Aym, Can Atalay’ı haklı buldu: “Görüşmenin yapılacağı yerlerin idare tarafından belirlenmiş olması, toplantının başka yerlerde yapılamayacağı anlamına gelmez”
GÜRKAN DEMİRTAŞ
Anayasa Mahkemesi (AYM), Seyahat Davası sanığı Can Atalay’ın 2014 yılında Kadıköy İskele Meydanı’nda düzenlemek istedikleri ‘Marmara Kent ve Doğa Buluşması’nın yasaklanması için yaptığı bireysel başvuruda Atalay’ı haklı buldu. Mahkeme, valiliğin belirlediği alanlar dışında miting yapılmasına izin verilmemesinin toplantı ve gösteri yürüyüşü düzenleme hakkının ihlali olduğuna karar verdi. Anayasa Mahkemesi kararında, “Toplantı düzenleme için tüm kamusal alanların açık ve elverişli olması gerekir. Toplantı düzenleme alanlarının idare tarafından belirlenmesi, toplantıların başka yerlerde yapılamayacağı anlamına gelmez.”

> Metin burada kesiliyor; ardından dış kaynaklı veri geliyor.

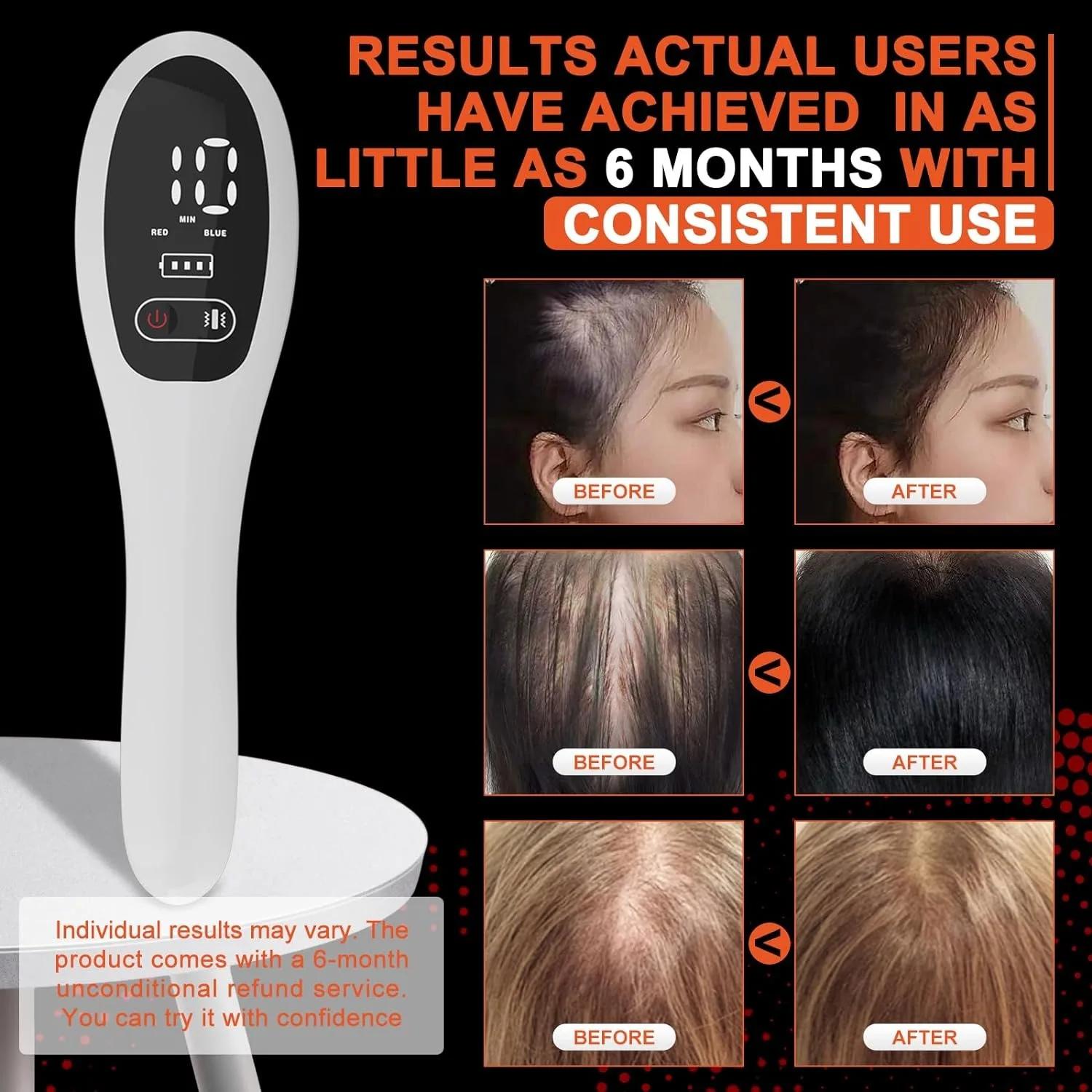 Peigne Laser Électrique pour la Croissance des Cheveux, Thérapie Anti-Perte de Cheveux, Infrarouge 6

Anayasa Mahkemesi, avukat Can Atalay’ın 2014 yılında Kadıköy İskele Meydanı’nda yapmak istedikleri Marmara Kent ve Doğa Buluşması’nın valilik tarafından yasaklanmasına ilişkin yaptığı bireysel başvuruyu görüşerek karara bağladı.
Anayasa Mahkemesi oybirliğiyle aldığı kararda, valiliğin belirlediği alanlar dışında miting yapılmasına izin verilmemesinin toplantı ve gösteri yürüyüşü düzenleme hakkının ihlali olduğuna karar verdi. Karara sadece AYM üyeleri İrfan Fidan ve Muhterem İnce ret oyu kullandı. AYM’nin kararında şunlar kaydedildi:
” TOPLANTI ALANLARININ İDARE TARAFINDAN BELİRLENMESİ TOPLANTILARIN BAŞKA YERLERDE YAPILAMIŞ OLDUĞU ANLAMINA GELMEZ”
“2911 sayılı Kanunun 6 ncı maddesinin birinci fıkrasında toplantı ve gösteri yürüyüşlerinin her yerde yapılabileceği belirtildiği için toplantı ve gösteri yürüyüşünün yapılacağı yer herhangi bir yer olarak belirlenmiştir. toplantı organizasyonu için kamusal alanların açık ve elverişli olması gerekir.Toplantı organizasyon alanları yönetim tarafından belirlenir.Yani mahallin en büyük mülki amirleri tarafından toplantı ve gösteri yeri olarak belirlenen yerler, kullanımı kolaylaştıracak bir alternatiftir. toplantı ve gösteri yürüyüşleri hakkının ihlalidir ve bu durum bu yerler dışında toplantı ve gösteri yapılmasının yasaklanması sonucunu doğurmaz.Mekanın değerini küçümseyen karşı taraftaki bu niyet ve uygulamanın -kaçınılmaz olarak -yararlanacağı açıktır. – Toplantının yapılabileceği yerlerin sınırlandırılması, toplantının yapılmasıyla amaçlanan amaçlara ulaşılmasına engel olunması.
“2911 SAYILI KANUNDAKİ DÜZENLEMELERİN EDEBİYATLI YORUMLANMASI TOPLANTI VE İFADE HAKKI ÜZERİNDE ZIMNİ SINIRLAMALAR OLUŞTURMAKTADIR”
Hakka müdahalede keyfiliğin önlenmesi ve müdahalenin gerekçesinin ortaya konulabilmesi için söz konusu makamların sadece toplanma yeri şeklinde kategorik bir sınırlama yerine her olayda somut koşulları dikkate alarak farklı değerlendirmeler yapması gerekmektedir. Somut olaylarda belirlenen toplantı ve gösteri yürüyüşü yer ve güzergâhlarından biri değil. Başvuruda olduğu gibi, 555 sayılı Kanun’da yer alan düzenlemelerin lafzi yorumu ile valilikçe belirlenen yerler dışında toplantı ve gösteri yürüyüşü imkanının ortadan kaldırılması şeklinde bir uygulamadır.
Öte yandan, toplantının doğaya verilen zarara dikkat çekmek amacıyla yapıldığını belirten başvurucu, idarenin sunduğu toplanma alanlarının çevre ve şehircilik ilkelerine aykırı olduğunu, vesilesiyle toplanma amaçlarına uygun düşmemiş, ancak idari yargı bu konuda herhangi bir araştırma ve değerlendirme yapmamıştır.